Can be called repeatedly to add different explicit documents to the index. Unlike setDocument(java.lang.String), this method takes literal, angle-bracket XML content and not a filename as a argument.

Parameters:
explicitContent - The literal "angle bracket" XML content you want indexed
Returns:
The integer document ID that identifies the document in the index
Throws:
CantParseDocumentException - If the SAX parser can't parse the document
MissingOrInvalidSaxParserException - If the SAX parser is missing or invalid

setDocument

public int setDocument(java.lang.String name)
                throws java.io.FileNotFoundException,
                       CantParseDocumentException,
                       MissingOrInvalidSaxParserException
Throws:
java.io.FileNotFoundException
CantParseDocumentException
MissingOrInvalidSaxParserException

setDocument

public int setDocument(java.lang.String name,
                       boolean inQuery)
                throws java.io.FileNotFoundException,
                       CantParseDocumentException,
                       MissingOrInvalidSaxParserException
Index this document.

The document can be either :

Parameters:
name - The name of the document to be indexed
Returns:
The unique integer docID assigned this document by the query engine
Throws:
java.io.FileNotFoundException - If the file couldn't be located
CantParseDocumentException - If the SAX parser complained
MissingOrInvalidSaxParserException - No SAX parser had been registered

elapsedTime

public static double elapsedTime(long elapsedMillis)

getNodeTypeCounts

public int[] getNodeTypeCounts()
Get a breakdown of node types in the index.

Returns:
A 3-entry integer array containing the node-count breakdowns for the index.
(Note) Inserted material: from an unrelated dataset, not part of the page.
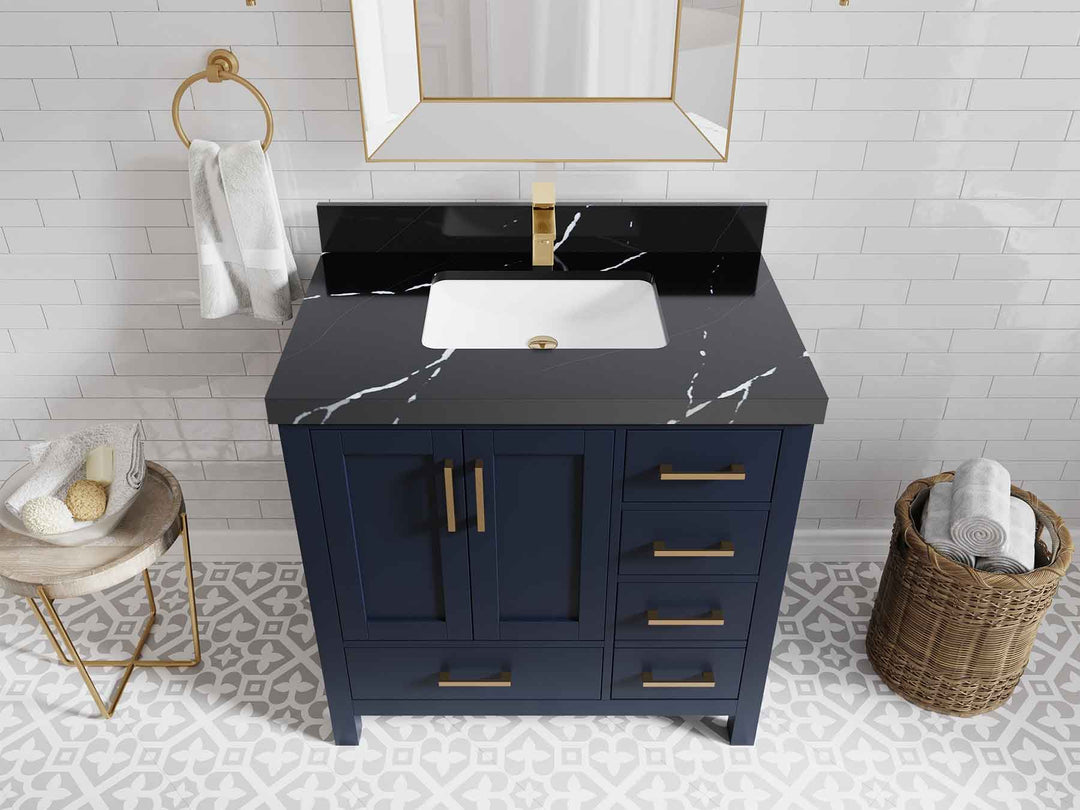 Malibu 36 in. W x 22 in. D Bathroom Vanity Center Sink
In order, counts represent :
  1. element nodes
  2. attribute nodes
  3. text nodes

getTotalFileLength

public long getTotalFileLength()
Return the aggregate file length of all files in the index.

Returns:
The aggregate file length of all files indexed to date

printSessionStats

public void printSessionStats(long elapsedMillis,
                              java.io.PrintWriter dest)
Print a summary of indexing information.

Parameters:
elapsedMillis - Elapsed time in milliseconds since the indexing session began.
dest - PrintWriter where output should be directed.

printSessionStats

public void printSessionStats(long elapsedMillis,
                              java.io.PrintWriter destination,
                              boolean doTextBlocks)
Print a summary of indexing information.

Parameters:
elapsedMillis - Elapsed time in milliseconds since the indexing session began.
destination - PrintWriter where output should be directed.
doTextBlocks - Show space allocated in NodeTrees for concatenated element and attribute text

fileToURLString

public static java.lang.String fileToURLString(java.io.File file)
Utility routine borrowed (thanks) from James Clark.

Parameters:
file - The java File object representation of the file.
Returns:
The name translated to a 'fttp:/ ...' URL in String form

setQueryFromFile

public ResultList setQueryFromFile(java.lang.String file)
                            throws InvalidQueryException
An alternative form of setQuery(String).

Parameters:
file - Name of the file containing the XQuery query
Returns:
a ResultList object representing the results
Throws:
InvalidQueryException - If the query was invalid

setQuery

public ResultList setQuery(java.lang.String query)
                    throws InvalidQueryException
Pass an XQuery query to the engine, get a ResultList back.

Parameters:
query - A valid XQuery query in String format
Returns:
a ResultList object
Throws:
InvalidQueryException

getNumDocuments

public int getNumDocuments()
Get the number of documents in the index.


getDocumentName

public java.lang.String getDocumentName(int docId)
Get the name of the document corresponding to its docId.

Parameters:
docId - The integer ID assigned to the document when it was indexed.
See Also:
setDocument(java.lang.String), setExplicitDocument(java.lang.String)

getNumUniqueElementNames

public int getNumUniqueElementNames()

getNumTotalElementNames

public int getNumTotalElementNames()

doSerializeIndex

public boolean doSerializeIndex()

getSerializationDirectory

public java.lang.String getSerializationDirectory()